What the task requires:
Each line from the one containing "Contemporary Beach Villa With Pool in Omiš" through the final line below must be reproduced exactly, and no others.

Data for processing:
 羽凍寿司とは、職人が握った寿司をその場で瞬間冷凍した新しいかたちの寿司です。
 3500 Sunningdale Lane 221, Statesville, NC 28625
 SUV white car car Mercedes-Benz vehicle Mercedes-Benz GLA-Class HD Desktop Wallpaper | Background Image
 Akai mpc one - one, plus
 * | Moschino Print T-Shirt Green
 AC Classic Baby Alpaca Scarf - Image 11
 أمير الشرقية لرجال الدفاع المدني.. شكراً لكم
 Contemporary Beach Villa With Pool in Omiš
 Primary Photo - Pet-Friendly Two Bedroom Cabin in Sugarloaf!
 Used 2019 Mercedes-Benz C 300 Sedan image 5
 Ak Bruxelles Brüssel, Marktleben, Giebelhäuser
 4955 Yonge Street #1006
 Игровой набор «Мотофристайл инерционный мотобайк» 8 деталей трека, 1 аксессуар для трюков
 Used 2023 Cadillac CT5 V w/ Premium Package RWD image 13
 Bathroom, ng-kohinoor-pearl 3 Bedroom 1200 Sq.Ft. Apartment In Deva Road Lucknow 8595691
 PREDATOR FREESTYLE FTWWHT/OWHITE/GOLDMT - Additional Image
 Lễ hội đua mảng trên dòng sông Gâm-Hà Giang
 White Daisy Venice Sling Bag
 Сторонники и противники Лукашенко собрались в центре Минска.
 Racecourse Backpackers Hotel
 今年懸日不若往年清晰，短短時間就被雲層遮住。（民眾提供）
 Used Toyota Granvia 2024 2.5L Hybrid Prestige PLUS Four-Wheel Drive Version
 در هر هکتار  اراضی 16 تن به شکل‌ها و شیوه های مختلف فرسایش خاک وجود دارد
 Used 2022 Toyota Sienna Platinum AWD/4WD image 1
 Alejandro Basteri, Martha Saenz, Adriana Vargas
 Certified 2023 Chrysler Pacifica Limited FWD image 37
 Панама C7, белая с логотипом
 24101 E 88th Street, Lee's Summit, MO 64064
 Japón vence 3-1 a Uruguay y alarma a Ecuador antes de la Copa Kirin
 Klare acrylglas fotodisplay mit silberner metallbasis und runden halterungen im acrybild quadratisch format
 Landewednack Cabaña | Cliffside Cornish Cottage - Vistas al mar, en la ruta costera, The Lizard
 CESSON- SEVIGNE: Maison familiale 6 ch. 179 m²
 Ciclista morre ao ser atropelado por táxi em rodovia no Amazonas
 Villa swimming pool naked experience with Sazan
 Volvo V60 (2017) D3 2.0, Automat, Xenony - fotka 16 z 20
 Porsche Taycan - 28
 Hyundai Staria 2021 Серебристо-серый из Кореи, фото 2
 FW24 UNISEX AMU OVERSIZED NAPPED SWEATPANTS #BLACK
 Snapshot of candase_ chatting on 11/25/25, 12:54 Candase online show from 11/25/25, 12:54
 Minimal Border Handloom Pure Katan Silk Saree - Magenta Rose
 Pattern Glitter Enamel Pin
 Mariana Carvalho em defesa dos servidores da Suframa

Answer for the task:
 Contemporary Beach Villa With Pool in Omiš
 Primary Photo - Pet-Friendly Two Bedroom Cabin in Sugarloaf!
 Used 2019 Mercedes-Benz C 300 Sedan image 5
 Ak Bruxelles Brüssel, Marktleben, Giebelhäuser
 4955 Yonge Street #1006
 Игровой набор «Мотофристайл инерционный мотобайк» 8 деталей трека, 1 аксессуар для трюков
 Used 2023 Cadillac CT5 V w/ Premium Package RWD image 13
 Bathroom, ng-kohinoor-pearl 3 Bedroom 1200 Sq.Ft. Apartment In Deva Road Lucknow 8595691
 PREDATOR FREESTYLE FTWWHT/OWHITE/GOLDMT - Additional Image
 Lễ hội đua mảng trên dòng sông Gâm-Hà Giang
 White Daisy Venice Sling Bag
 Сторонники и противники Лукашенко собрались в центре Минска.
 Racecourse Backpackers Hotel
 今年懸日不若往年清晰，短短時間就被雲層遮住。（民眾提供）
 Used Toyota Granvia 2024 2.5L Hybrid Prestige PLUS Four-Wheel Drive Version
 در هر هکتار  اراضی 16 تن به شکل‌ها و شیوه های مختلف فرسایش خاک وجود دارد
 Used 2022 Toyota Sienna Platinum AWD/4WD image 1
 Alejandro Basteri, Martha Saenz, Adriana Vargas
 Certified 2023 Chrysler Pacifica Limited FWD image 37
 Панама C7, белая с логотипом
 24101 E 88th Street, Lee's Summit, MO 64064
 Japón vence 3-1 a Uruguay y alarma a Ecuador antes de la Copa Kirin
 Klare acrylglas fotodisplay mit silberner metallbasis und runden halterungen im acrybild quadratisch format
 Landewednack Cabaña | Cliffside Cornish Cottage - Vistas al mar, en la ruta costera, The Lizard
 CESSON- SEVIGNE: Maison familiale 6 ch. 179 m²
 Ciclista morre ao ser atropelado por táxi em rodovia no Amazonas
 Villa swimming pool naked experience with Sazan
 Volvo V60 (2017) D3 2.0, Automat, Xenony - fotka 16 z 20
 Porsche Taycan - 28
 Hyundai Staria 2021 Серебристо-серый из Кореи, фото 2
 FW24 UNISEX AMU OVERSIZED NAPPED SWEATPANTS #BLACK
 Snapshot of candase_ chatting on 11/25/25, 12:54 Candase online show from 11/25/25, 12:54
 Minimal Border Handloom Pure Katan Silk Saree - Magenta Rose
 Pattern Glitter Enamel Pin
 Mariana Carvalho em defesa dos servidores da Suframa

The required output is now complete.